Finding at the end of Defence’s case
 After considering the Appellant’s defence, the learned trial judge found that the Appellant had not succeeded in raising a reasonable doubt on the prosecution's case. The defence put up by the Appellant was a weak defence which cannot be accepted. The defence not only failed to raise a reasonable doubt but on a maximum evaluation of the whole evidence, the defence is merely her own creation, a bare denial and afterthought. The learned trial judge found that the Appellant’s defence is uncorroborated by the role played by Miss My who was not called. The defence is clearly based on evidence of afterthought and hearsay which is inadmissible and was rejected. The defence is not supported by evidence of other witnesses which may be considered whether the defence had raised a reasonable doubt on the prosecution's case. (See: PP v Lim Hock Boon  1 CLJ 440).
 Although Miss My’s name was mentioned a few times by the Appellant in her defence and the role played by Miss My, however, the non-calling of Miss My goes to show that Miss My is a fictitious character. The other point is Miss My’ sister who according to her is in Malaysia, Miss My’ sister was also not called to give evidence to support the Appellant’s version. The defence story is that she came to Malaysia carrying 1 bag P21 containing 4 to 5 clothes only. The Appellant denied seeing the compartment where the drugs were found inside P22 at Shenzen Airport, China, before she was detained at LCCT, Malaysia. It was her evidence that she carried the bag P22 to Malaysia because Miss My asked her to give it to her sister. It is a small matter to the Appellant and she did not mind doing it because Miss My’s sister is supposed to be her employer. The Appellant did not suspect and did not know that the bag P22 contained drugs.

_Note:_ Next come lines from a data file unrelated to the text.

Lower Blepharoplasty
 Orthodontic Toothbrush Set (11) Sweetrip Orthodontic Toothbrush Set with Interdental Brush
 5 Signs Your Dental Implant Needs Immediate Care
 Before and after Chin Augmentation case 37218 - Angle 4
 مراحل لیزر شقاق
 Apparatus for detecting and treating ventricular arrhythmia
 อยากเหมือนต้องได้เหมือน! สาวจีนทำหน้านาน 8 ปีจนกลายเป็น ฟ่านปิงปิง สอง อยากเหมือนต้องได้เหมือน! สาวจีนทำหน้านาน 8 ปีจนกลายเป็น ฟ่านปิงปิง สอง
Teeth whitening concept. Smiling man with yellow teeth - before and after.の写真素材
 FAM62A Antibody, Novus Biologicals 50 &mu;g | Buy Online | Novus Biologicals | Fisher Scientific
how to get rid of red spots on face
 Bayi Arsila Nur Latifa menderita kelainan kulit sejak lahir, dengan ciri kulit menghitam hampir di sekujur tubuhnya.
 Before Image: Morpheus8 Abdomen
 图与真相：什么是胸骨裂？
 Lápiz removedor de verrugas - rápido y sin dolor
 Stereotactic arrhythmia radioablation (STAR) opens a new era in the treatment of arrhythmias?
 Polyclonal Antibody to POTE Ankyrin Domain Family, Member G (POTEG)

 The learned trial judge had considered the defence story and found that the story is unbelievable. Firstly, if the Appellant came to Malaysia to work as a maid, she had not obtained the work permit and visa for such purpose. Secondly, she had with her 4 to 5 clothes only in the small bag which she was carrying of which the learned trial judge felt that it was insufficient if her purpose was to stay put with Miss My’s sister. Thirdly, if she is going to work in Malaysia, what will happen to her children which she left behind in Vietnam in relation to their financial support and daily care? The learned trial judge found that there were no reasonable explanation from the Appellant to account for the same. The learned trial judge also found that the Appellant has return air ticket back to China dated 2.11.2013. It would mean that the Appellant will be in Malaysia for 3 days only. This evidence is not consistent with her evidence that she came to Malaysia to work as a maid. The learned trial judge’s mind is very clear that the Appellant had knowledge of the drugs inside P22 which she had carried for the purposes of trafficking them in Malaysia.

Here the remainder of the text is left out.